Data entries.

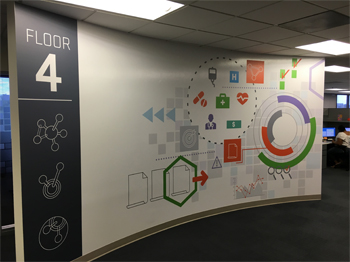 Fourth floor entrance graphic on curved wall featuring the new HMS colors and icons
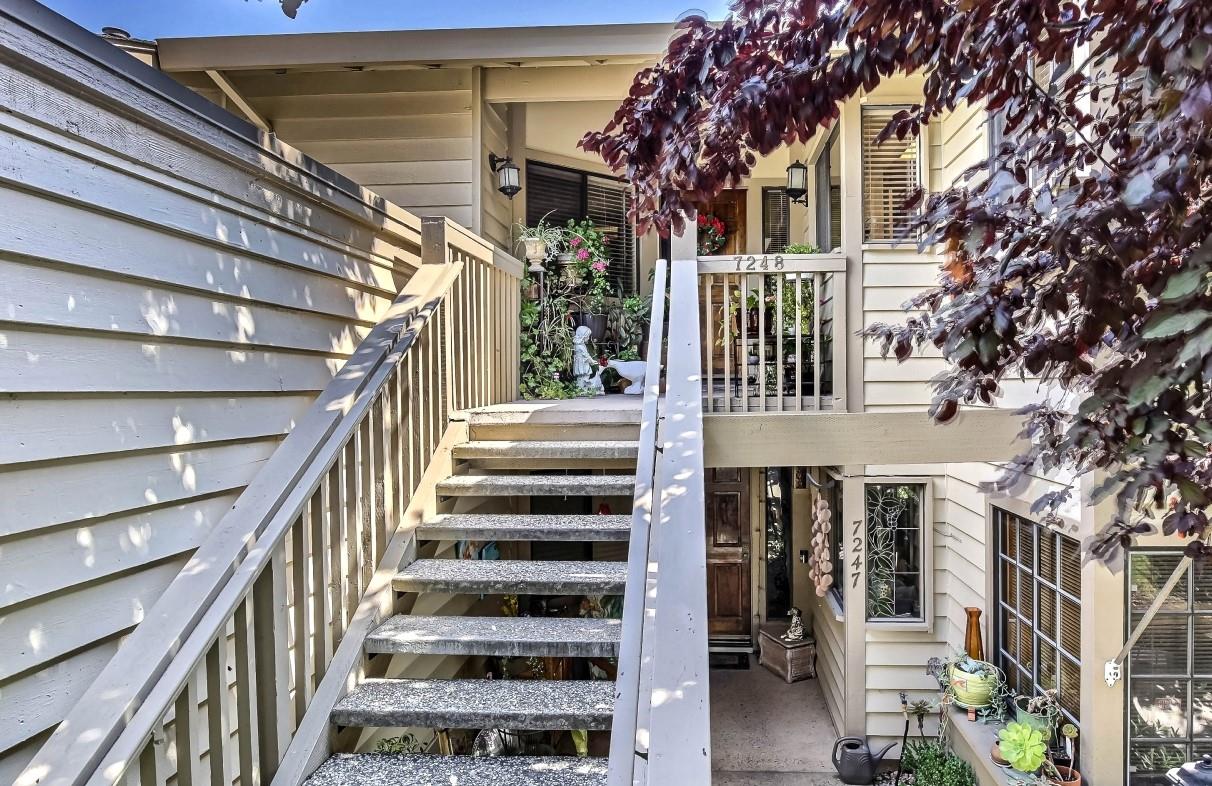 a view of a building with stairs and wooden fence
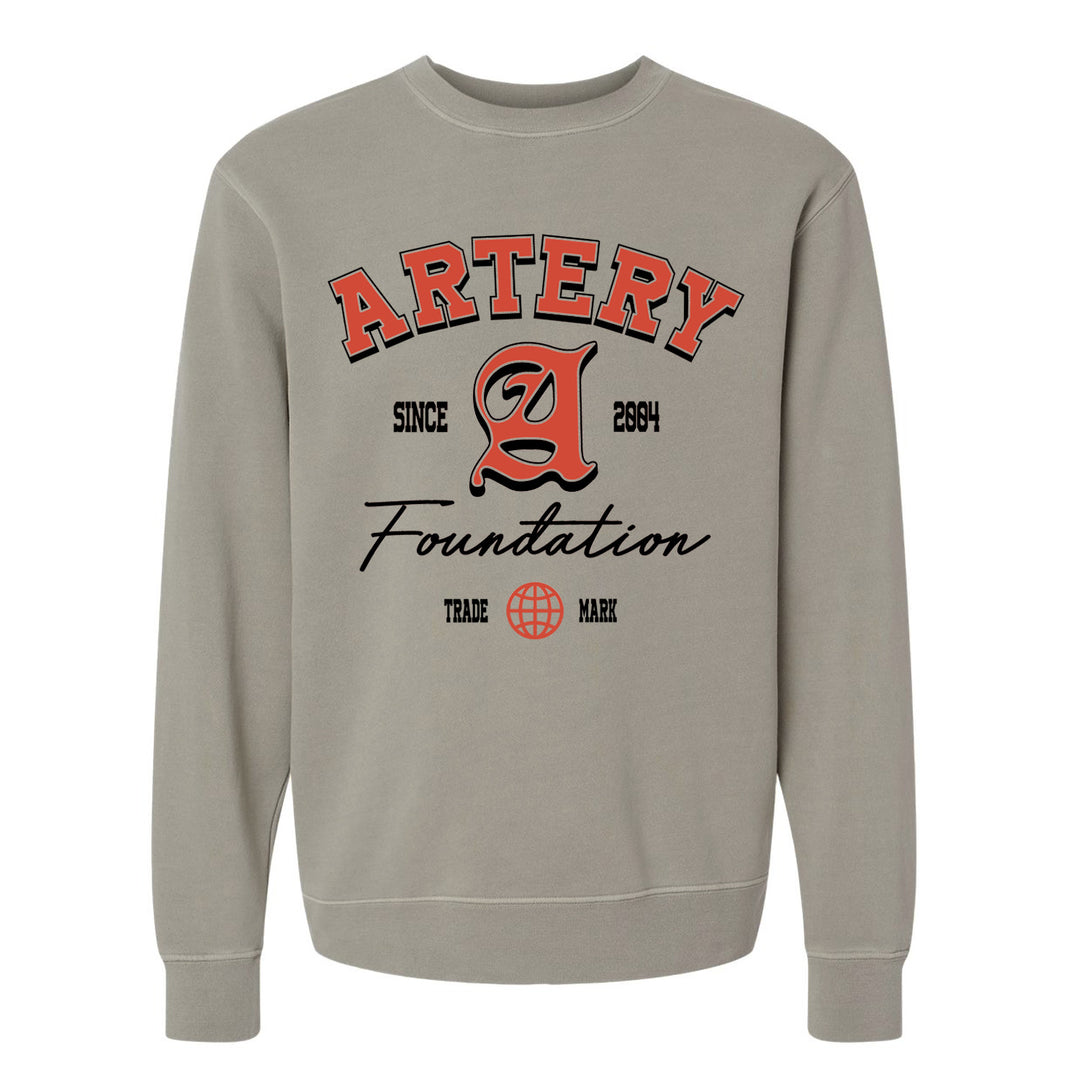 The Artery Foundation beige midweight pigment-dyed crewneck features bold red and black "ARTERY Foundation Since 2004" text, a large stylized A, and a small globe graphic above "TRADE MARK.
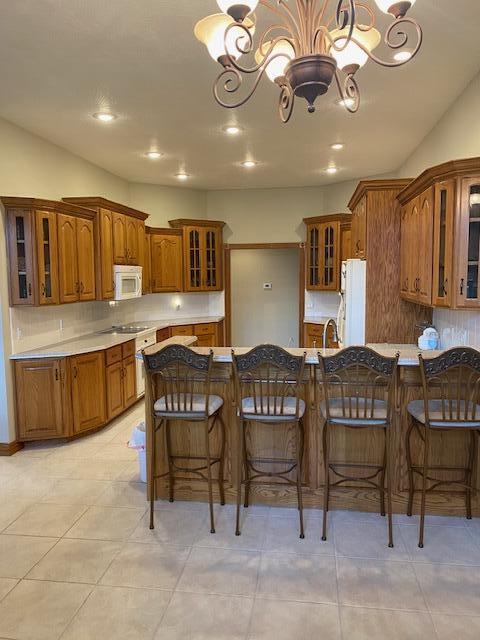4822 S Montrose Pl, Springfield, MO 65810 - kitchen featuring backsplash, white appliances, glass insert cabinets, a chandelier, and brown cabinetry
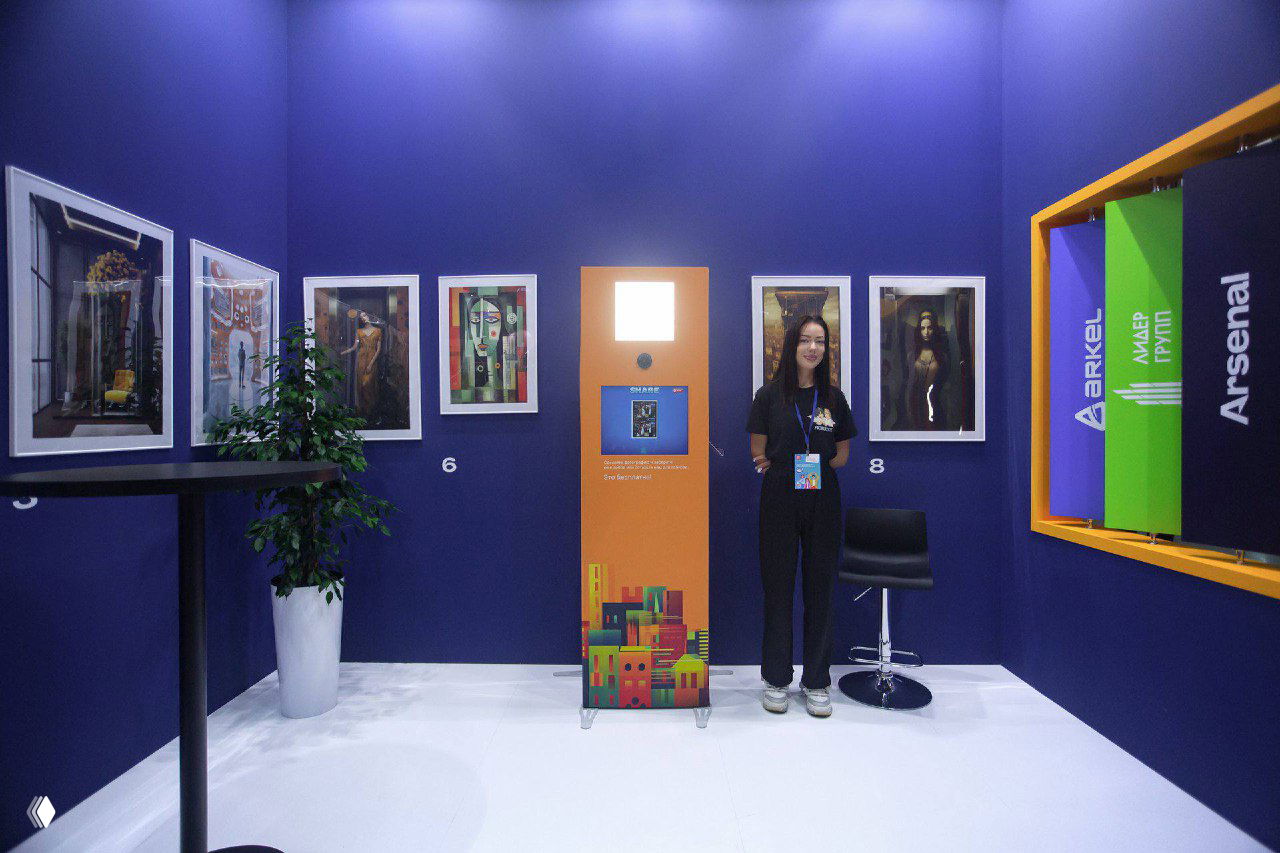 Фотостойка на белом полу выставки: сотрудница рядом, вокруг висят оформленные фотоработы и элементы оформления стенда, демонстрация размещения сервиса.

PROBLEM TO SOLVE. Every line from the one with "The Artery Foundation" through the last line of the data must be copied exactly. Leave the pictures out.

SOLUTION TO THE EXERCISE.
 The Artery Foundation beige midweight pigment-dyed crewneck features bold red and black "ARTERY Foundation Since 2004" text, a large stylized A, and a small globe graphic above "TRADE MARK.
4822 S Montrose Pl, Springfield, MO 65810 - kitchen featuring backsplash, white appliances, glass insert cabinets, a chandelier, and brown cabinetry
 Фотостойка на белом полу выставки: сотрудница рядом, вокруг висят оформленные фотоработы и элементы оформления стенда, демонстрация размещения сервиса.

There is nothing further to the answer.